*EXERCISE BRIEF*. Repeat each entry word for word. Leave any images out of the copy.

Pictures with short captions

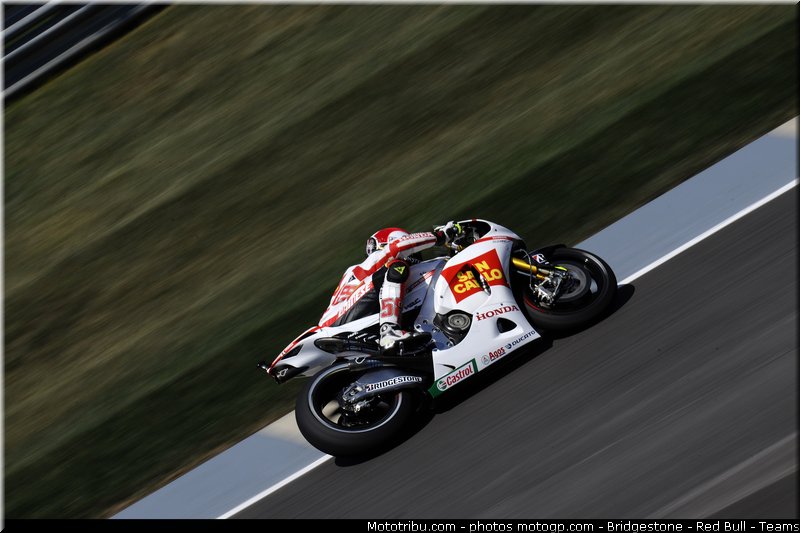 motogp_simoncelli_033_indianapolis_2011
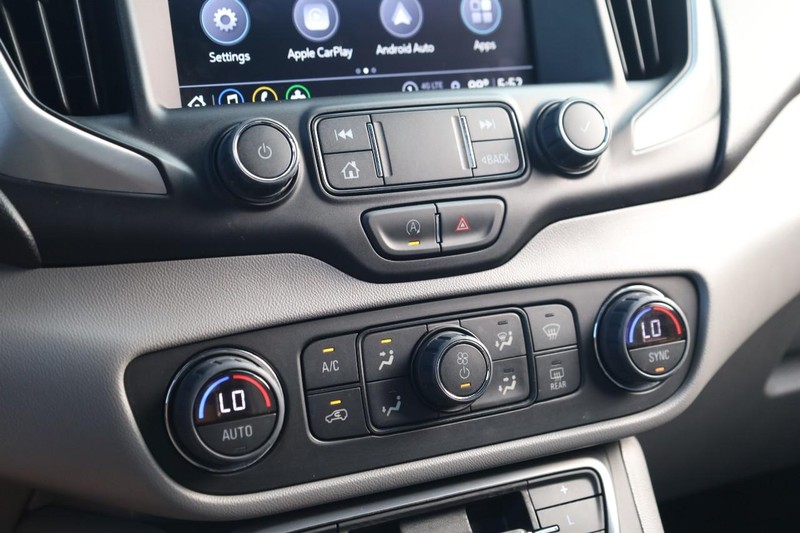 GMC Terrain Vehicle Image 13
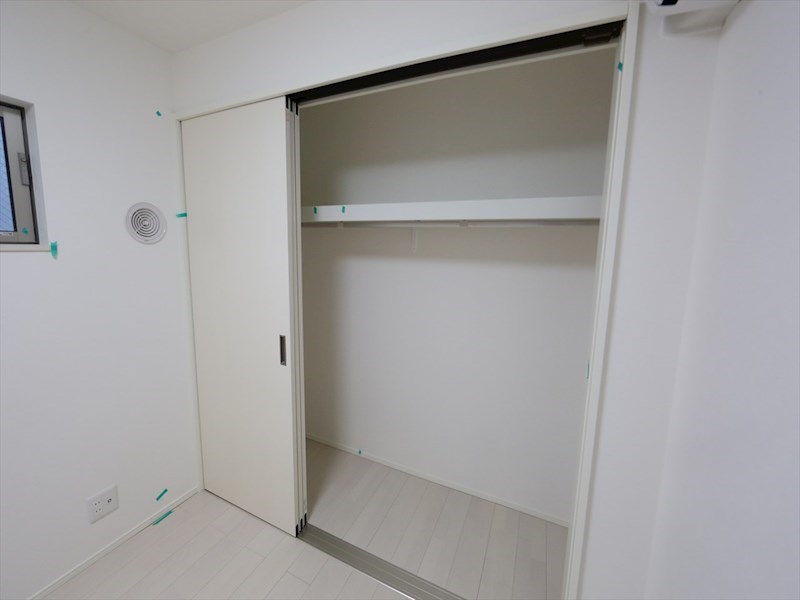 収納　クローゼット（収納充実してます）　同仕様写真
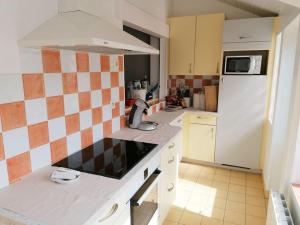 Kuchyňa alebo kuchynka v ubytovaní Maison de vacances 4/6 personnes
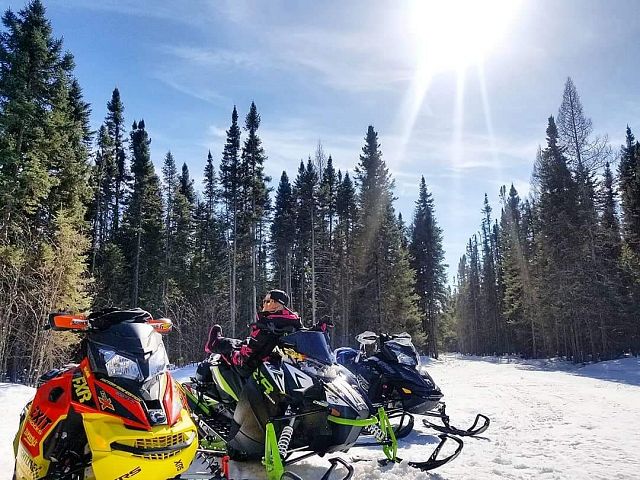 Sun, Sleds and Smiles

*SOLUTION BELOW*.
 motogp_simoncelli_033_indianapolis_2011
 GMC Terrain Vehicle Image 13
 収納　クローゼット（収納充実してます）　同仕様写真
 Kuchyňa alebo kuchynka v ubytovaní Maison de vacances 4/6 personnes
 Sun, Sleds and Smiles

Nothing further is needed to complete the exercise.